**PROBLEM TO SOLVE:** Below are the records; output them exactly from the first line through the line with "Hey, Hawaiian Jeff", stopping there.

**Data entries:**

Content starts

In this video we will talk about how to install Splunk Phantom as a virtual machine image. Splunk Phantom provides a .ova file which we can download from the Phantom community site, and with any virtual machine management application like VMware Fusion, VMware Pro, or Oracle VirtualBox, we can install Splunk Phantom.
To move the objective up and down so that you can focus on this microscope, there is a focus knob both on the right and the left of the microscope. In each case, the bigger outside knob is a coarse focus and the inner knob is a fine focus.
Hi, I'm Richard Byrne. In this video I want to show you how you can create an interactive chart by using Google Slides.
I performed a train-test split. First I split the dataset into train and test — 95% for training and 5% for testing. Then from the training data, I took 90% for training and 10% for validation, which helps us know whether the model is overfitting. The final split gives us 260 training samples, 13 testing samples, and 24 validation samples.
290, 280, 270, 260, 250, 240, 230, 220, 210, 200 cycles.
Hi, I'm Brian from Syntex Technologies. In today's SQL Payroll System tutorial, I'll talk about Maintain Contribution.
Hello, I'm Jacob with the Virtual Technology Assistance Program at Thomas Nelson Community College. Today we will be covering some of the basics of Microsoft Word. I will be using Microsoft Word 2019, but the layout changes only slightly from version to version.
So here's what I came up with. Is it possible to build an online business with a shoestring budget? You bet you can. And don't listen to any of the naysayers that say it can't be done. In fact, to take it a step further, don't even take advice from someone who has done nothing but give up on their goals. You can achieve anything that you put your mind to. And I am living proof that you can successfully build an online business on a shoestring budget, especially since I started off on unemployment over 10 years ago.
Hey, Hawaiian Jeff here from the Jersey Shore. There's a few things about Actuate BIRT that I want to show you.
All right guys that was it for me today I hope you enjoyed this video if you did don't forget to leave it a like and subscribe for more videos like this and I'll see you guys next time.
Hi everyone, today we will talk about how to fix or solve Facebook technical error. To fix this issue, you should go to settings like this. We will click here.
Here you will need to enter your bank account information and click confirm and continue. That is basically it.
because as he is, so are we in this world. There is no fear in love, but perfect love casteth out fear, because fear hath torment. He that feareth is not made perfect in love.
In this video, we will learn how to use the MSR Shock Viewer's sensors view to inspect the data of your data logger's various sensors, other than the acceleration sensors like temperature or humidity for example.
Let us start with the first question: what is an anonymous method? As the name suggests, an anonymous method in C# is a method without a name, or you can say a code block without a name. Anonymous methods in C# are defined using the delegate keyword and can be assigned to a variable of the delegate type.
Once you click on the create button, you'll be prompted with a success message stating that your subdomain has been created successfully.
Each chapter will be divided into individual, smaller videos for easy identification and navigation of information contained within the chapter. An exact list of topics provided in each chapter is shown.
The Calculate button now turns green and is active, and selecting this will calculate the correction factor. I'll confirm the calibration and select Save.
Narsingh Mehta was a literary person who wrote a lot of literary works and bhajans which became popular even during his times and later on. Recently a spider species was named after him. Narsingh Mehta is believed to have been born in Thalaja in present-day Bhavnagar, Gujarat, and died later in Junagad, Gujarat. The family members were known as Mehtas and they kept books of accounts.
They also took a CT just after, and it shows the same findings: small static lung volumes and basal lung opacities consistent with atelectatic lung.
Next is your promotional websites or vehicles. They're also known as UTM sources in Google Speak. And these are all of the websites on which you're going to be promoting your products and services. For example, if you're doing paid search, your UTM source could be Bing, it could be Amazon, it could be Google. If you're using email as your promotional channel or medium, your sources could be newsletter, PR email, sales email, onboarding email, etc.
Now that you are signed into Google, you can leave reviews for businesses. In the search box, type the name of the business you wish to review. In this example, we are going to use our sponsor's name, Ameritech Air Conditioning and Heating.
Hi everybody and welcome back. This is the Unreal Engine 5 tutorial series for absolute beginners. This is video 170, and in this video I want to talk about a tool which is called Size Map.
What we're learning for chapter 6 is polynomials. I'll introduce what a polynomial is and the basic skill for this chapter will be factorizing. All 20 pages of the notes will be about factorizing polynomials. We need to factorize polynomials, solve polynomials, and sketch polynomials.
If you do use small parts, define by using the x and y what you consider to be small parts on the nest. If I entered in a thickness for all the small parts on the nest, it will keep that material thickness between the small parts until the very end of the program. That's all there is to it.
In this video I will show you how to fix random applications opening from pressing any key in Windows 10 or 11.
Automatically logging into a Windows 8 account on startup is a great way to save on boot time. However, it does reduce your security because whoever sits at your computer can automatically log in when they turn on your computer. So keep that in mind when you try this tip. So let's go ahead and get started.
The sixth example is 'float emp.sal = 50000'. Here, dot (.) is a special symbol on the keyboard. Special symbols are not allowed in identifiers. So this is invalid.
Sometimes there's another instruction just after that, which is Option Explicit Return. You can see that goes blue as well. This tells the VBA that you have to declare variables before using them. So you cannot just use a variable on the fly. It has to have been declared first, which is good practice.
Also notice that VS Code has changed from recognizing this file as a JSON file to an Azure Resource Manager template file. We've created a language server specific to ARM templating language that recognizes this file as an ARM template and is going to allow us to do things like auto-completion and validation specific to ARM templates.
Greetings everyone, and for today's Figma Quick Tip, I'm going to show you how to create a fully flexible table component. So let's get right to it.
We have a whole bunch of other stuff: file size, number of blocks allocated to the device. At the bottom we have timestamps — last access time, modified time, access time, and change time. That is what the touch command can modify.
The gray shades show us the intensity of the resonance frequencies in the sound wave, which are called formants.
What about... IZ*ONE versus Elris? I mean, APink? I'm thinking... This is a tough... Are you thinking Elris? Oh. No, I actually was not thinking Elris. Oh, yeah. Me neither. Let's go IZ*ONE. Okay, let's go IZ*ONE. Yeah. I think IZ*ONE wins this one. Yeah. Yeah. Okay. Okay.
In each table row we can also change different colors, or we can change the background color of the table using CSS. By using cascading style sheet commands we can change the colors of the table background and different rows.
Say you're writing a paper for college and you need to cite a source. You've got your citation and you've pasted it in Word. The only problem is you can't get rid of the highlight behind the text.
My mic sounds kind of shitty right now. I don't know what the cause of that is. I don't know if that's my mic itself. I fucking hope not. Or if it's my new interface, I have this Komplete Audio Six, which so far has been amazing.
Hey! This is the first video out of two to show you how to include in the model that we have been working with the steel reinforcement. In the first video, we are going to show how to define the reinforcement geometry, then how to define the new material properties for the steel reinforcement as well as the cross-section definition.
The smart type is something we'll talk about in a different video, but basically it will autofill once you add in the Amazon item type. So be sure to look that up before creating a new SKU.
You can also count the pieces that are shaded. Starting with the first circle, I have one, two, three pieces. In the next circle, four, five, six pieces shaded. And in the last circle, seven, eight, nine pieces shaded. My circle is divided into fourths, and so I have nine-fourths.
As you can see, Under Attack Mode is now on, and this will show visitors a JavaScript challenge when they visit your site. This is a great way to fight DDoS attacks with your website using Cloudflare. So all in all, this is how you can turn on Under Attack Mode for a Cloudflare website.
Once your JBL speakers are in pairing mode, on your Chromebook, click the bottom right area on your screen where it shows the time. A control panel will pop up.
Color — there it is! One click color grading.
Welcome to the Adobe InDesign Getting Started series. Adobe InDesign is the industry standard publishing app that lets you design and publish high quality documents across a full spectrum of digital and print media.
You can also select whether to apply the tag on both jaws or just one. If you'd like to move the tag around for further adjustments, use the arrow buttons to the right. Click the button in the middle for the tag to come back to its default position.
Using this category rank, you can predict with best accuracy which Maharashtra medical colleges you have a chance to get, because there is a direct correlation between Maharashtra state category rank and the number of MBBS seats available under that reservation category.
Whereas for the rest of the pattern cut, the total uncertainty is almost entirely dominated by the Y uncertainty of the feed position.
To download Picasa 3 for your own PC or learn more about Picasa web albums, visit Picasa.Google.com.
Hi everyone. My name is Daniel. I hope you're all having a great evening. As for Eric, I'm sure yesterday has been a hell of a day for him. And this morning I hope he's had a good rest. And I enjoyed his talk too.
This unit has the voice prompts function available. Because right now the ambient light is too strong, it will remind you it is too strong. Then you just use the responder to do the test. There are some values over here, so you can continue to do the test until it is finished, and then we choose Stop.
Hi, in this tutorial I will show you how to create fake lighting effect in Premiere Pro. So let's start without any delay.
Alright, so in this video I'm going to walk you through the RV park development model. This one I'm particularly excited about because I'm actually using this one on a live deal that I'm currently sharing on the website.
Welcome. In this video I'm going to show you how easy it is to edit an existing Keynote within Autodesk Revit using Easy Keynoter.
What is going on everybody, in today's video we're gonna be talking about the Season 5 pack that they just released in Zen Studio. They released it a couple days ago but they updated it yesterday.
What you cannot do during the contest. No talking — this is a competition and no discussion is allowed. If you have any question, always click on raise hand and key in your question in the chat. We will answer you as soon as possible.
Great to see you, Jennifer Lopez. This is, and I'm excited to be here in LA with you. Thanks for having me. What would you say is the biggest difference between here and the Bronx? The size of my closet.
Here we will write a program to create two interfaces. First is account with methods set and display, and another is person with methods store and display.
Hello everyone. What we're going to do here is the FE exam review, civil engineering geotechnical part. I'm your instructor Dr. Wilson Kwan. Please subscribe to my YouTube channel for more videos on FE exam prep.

Content ends

**SOLUTION:**
In this video we will talk about how to install Splunk Phantom as a virtual machine image. Splunk Phantom provides a .ova file which we can download from the Phantom community site, and with any virtual machine management application like VMware Fusion, VMware Pro, or Oracle VirtualBox, we can install Splunk Phantom.
To move the objective up and down so that you can focus on this microscope, there is a focus knob both on the right and the left of the microscope. In each case, the bigger outside knob is a coarse focus and the inner knob is a fine focus.
Hi, I'm Richard Byrne. In this video I want to show you how you can create an interactive chart by using Google Slides.
I performed a train-test split. First I split the dataset into train and test — 95% for training and 5% for testing. Then from the training data, I took 90% for training and 10% for validation, which helps us know whether the model is overfitting. The final split gives us 260 training samples, 13 testing samples, and 24 validation samples.
290, 280, 270, 260, 250, 240, 230, 220, 210, 200 cycles.
Hi, I'm Brian from Syntex Technologies. In today's SQL Payroll System tutorial, I'll talk about Maintain Contribution.
Hello, I'm Jacob with the Virtual Technology Assistance Program at Thomas Nelson Community College. Today we will be covering some of the basics of Microsoft Word. I will be using Microsoft Word 2019, but the layout changes only slightly from version to version.
So here's what I came up with. Is it possible to build an online business with a shoestring budget? You bet you can. And don't listen to any of the naysayers that say it can't be done. In fact, to take it a step further, don't even take advice from someone who has done nothing but give up on their goals. You can achieve anything that you put your mind to. And I am living proof that you can successfully build an online business on a shoestring budget, especially since I started off on unemployment over 10 years ago.
Hey, Hawaiian Jeff here from the Jersey Shore. There's a few things about Actuate BIRT that I want to show you.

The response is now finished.